• **Task to complete**: Only the text should come through, so restate the listing exactly and drop its images.

• **Data segment**:
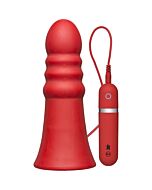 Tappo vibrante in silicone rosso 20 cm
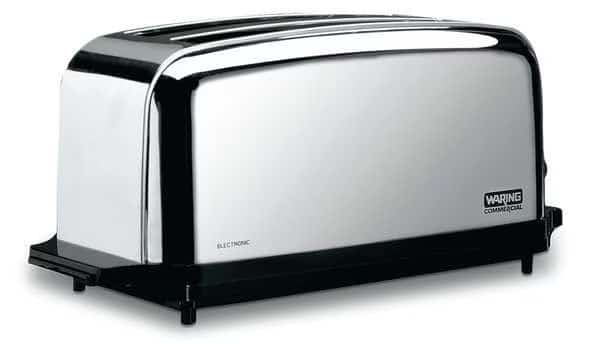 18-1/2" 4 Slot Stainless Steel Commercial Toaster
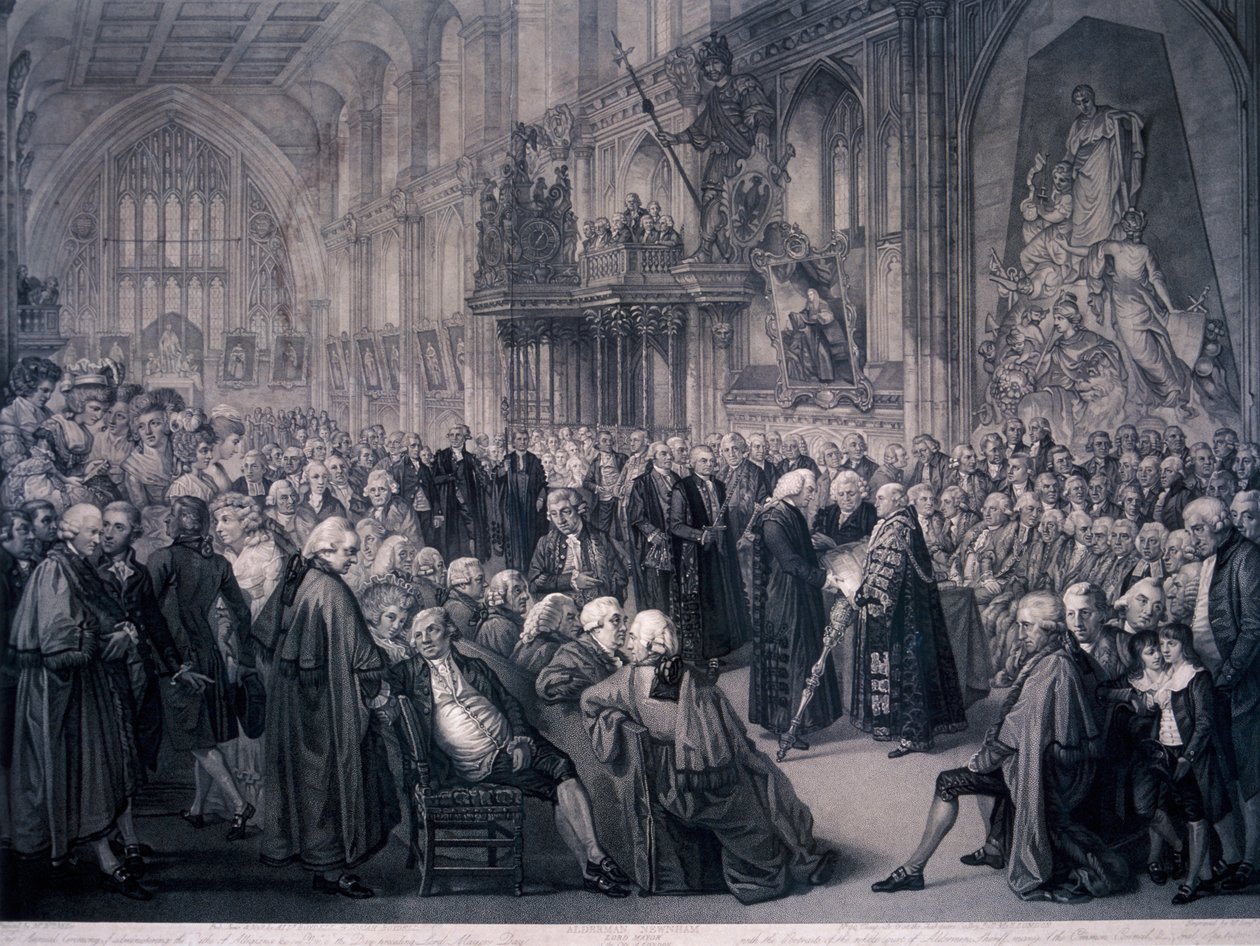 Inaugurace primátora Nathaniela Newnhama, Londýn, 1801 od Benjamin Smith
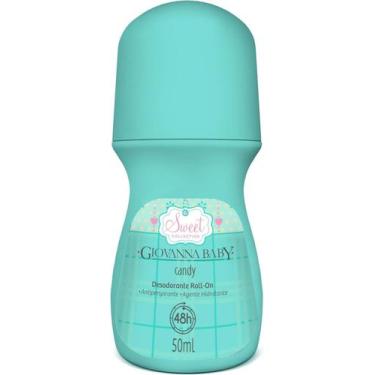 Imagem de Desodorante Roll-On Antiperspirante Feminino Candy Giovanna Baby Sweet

• **Result of this exercise**:
 Tappo vibrante in silicone rosso 20 cm
 18-1/2" 4 Slot Stainless Steel Commercial Toaster
 Inaugurace primátora Nathaniela Newnhama, Londýn, 1801 od Benjamin Smith
 Imagem de Desodorante Roll-On Antiperspirante Feminino Candy Giovanna Baby Sweet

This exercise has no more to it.